This page was created by Carissa Rodenbiker. The last update was by Sarah Swansen.
Theme of Isolation
Setting: The Open Ocean
Accompanying the atmosphere of decay and despair is the sense of isolation. Stuck on a ship in the middle of the unfathomably deep sea, and below a death-black bowl of sky, the awareness of one’s own insignificance and powerlessness penetrates the atmosphere in the novel (O'Connor XII). Even Merridith states in his letter to his sister “We feel very cut off here in the middle of the great ocean” (O’Connor 108). The only way to leave the ship during its voyage is by death. Isolation in the novel is conveyed through both the environment on the ship and the characters’ physical and psychological states.Merridith and Mulvey—Embodiments of the Theme
Like other characters, Merridith finds himself in situations of despair due to his own choices and situations that have been forced upon him. After a lifetime of struggles with his aristocratic and Irish identity, Merridith is finally able to accept his position as Lord Merridith on his family’s estate after his father’s death. Unfortunately, he finds out that the estate is bankrupt, the land is deteriorating, and his people are suffering (O’Connor 249). This type of decay is outside of Merridith’s control, and yet he suffers because of it. Deterioration is present in almost every aspect of Merridith’s life, which drives him to seek relief in immoral ways. His marriage has fallen apart, his health has begun to decline, and his morality has succumbed to a life of debauchery. Being physically isolated on the ship only enhances the loneliness and solitude that Merridith—and the other characters—has felt in life.

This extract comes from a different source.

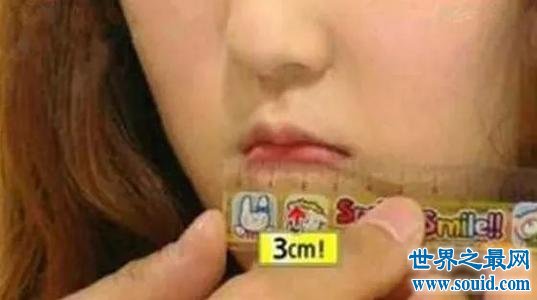 世界嘴巴最小的女人，只有3厘米！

The main source of Merridith’s psychological isolation is his struggle with his identity. His identity struggles increase after he marries Laura, because “Marriage, for Merridith, had been a feat of vengeance, but an act that had only imprisoned its kicked-down perpetrator even as it seemed to have given him liberation. What had made him a freeman had also enslaved him: the slavery all the worse for being self-imposed” (O’Connor 228). This sense of imprisonment and the feeling of being lost are both presented by Merridith’s journal entries, which portray the work of a man filled with self-anguish, aimlessness, and torment (O’Connor 229). The fevered self-loathing and guilt that fuels Merridith’s psychological isolation is a part of his downfall, and overall contributes to the portrayal of his character type and experience as a member of the Irish upper class.
Mulvey, like Merridith, also struggles with his identity. Unlike Merridith, this comes from being an educated Irish peasant trying to survive starvation and poverty. After living a life of a thief and conman, separated from society, Mulvey also isolates himself from everyone else on the ship. Yet this intentional isolation turns into a fearful isolation for everyone else aboard the ship. Dixon describes Mulvey as “The Monster” and notes that “His apparent fear of daylight and love of the darkness led some of the imaginative to call him ‘a cithoge’; a weird supernatural of Irish legend, the child of a faerie and a mortal man, possessed of the power to curse and conjure” (O’Connor XX).
Jennifer McClinton-Temple states that “Whether the isolation is voluntarily imposed on the self or forced by some other entity, it is a condition that is objective in that it is not merely a feeling, and that is created by an outside force, not by happenstance.” This is true for both Merridith and Mulvey, as their isolation—physical and psychological—is due to their individual struggles for identity in a society defined by status. The isolation felt by the characters enhances the novel’s portrayal of the Irish Famine experience.
Works Cited
McClinton-Temple, Jennifer. "isolation." McClinton-Temple, Jennifer, ed.Encyclopedia of Themes in Literature.. New York: Infobase Publishing, 2011.Bloom's Literature. Facts On File, Inc. Web. 7 Mar. 2016.
O'Connor, Joseph. Star of the Sea. Orlando: Harcourt, 2002. Print.